The reaction among Iraqi Shi'ite and Kurdish politicians to the conference was swift and severe, with many condemning it for enflaming the sectarian divide. The head of the Supreme Council for the Islamic Revolution in Iraq's (SCIRI) Badr Organization, Hadi al-Amiri, said he found it unthinkable for a conference to convene under the pretense for supporting the Iraqi people, but to only invite Sunnis.
"We cannot accept this conference at all and we are against viewing it as a gathering for supporting the Iraqi people. We consider this conference an aggressive conference against the Iraqi people," al-Amiri told Al-Jazeera satellite television on December 13.
Indeed, the Iraqi government found the conference so distressing that the parliament's Foreign Affairs Committee asked Prime Minister Nuri al-Maliki to review the commercial relations between Iraq and conference host Turkey, "Al-Mada" reported on December 19.
The Iranian Threat
There were reports that insurgent figures were either present or sent messages to the conference; one message of note was sent by the alleged spokesman for the Islamic Army in Iraq, Dr. Ibrahim al-Shammari. In an audio message, he warned that "many Sunni strongholds in the south had fallen" and stressed that "the [Iranian] Shi'ite aggression would continue into Kuwait and Saudi Arabia," "Al-Zaman" reported on December 16.
Iraqi Sunni leaders have long accused Iran of supporting the current Shi'ite government in Baghdad and arming and training Shi'ite militias, which have been widely accused of carrying out sectarian attacks against Sunnis.
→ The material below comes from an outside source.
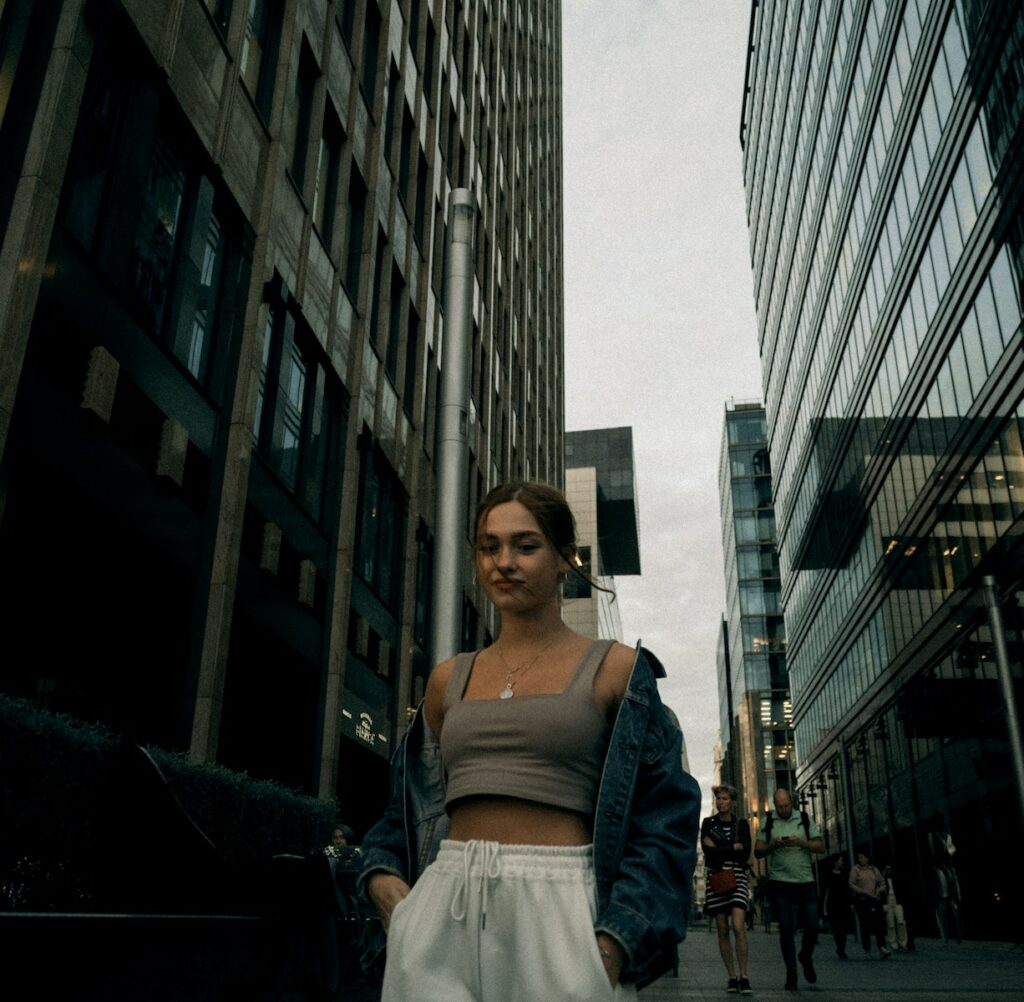 Woman in Crop Top with Denim Jacket Walking on the Street Between High Rise Buildings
Interestingly, one of the participants at the Istanbul conference was Sheikh Nasir Bin Sulayman al-Umar, an influential Saudi Islamist. "Al-Zaman" reported that he was introduced as the director of the muslim.net website, which hosted the December 7 statement signed by 38 prominent Saudi clerics that called on Sunni Arabs throughout the Middle East to mobilize against Iraq's Shi'a and to support its Sunni Arabs (see "RFE/RL Newsline," December 13, 2006). The statement also warned that the occupation and the Shi'a were conspiring to dominate the region. Al-Umar was also a signatory of the statement.
"The Crusader, Safavid [Iranian] and Rafidi [Shi'ite] scheme to which the Iraqi land and people have been subjected, and which was preceded by Ba'athist rule, is one chapter of the conspiracy and an indication of the success of the octopus-like scheme that is sweeping through the region," the statement read.
The clear sectarian nature of the Istanbul conference, on the surface, suggests that Iraq's Sunni Arabs are moving away from national reconciliation and closer to civil war and perhaps a broader regional conflict.
The warnings delivered by the likes of al-Dulaymi and al-Shammari concerning Iran are possibly attempts to align Iraq's Sunni population with Sunni-dominated countries for what may turn out to be a proxy war against Iran within Iraq. "Al-Hayat" reported on December 16 that along with representatives from Saudi Arabia and Turkey, there were participants from Qatar, Egypt, Jordan, Pakistan, Algeria, and Morocco, all Sunni-dominated states.
Furthermore, fearing an Iranian takeover of Iraq, Saudi Arabia allegedly informed the United States that it would intervene to support the Sunnis if the U.S. military pulls out (see "RFE/RL Newsline," December 14, 2006). Indeed, a Shi'ite-dominated Iraq could influence the kingdom's sizable and long-repressed Shi'ite population.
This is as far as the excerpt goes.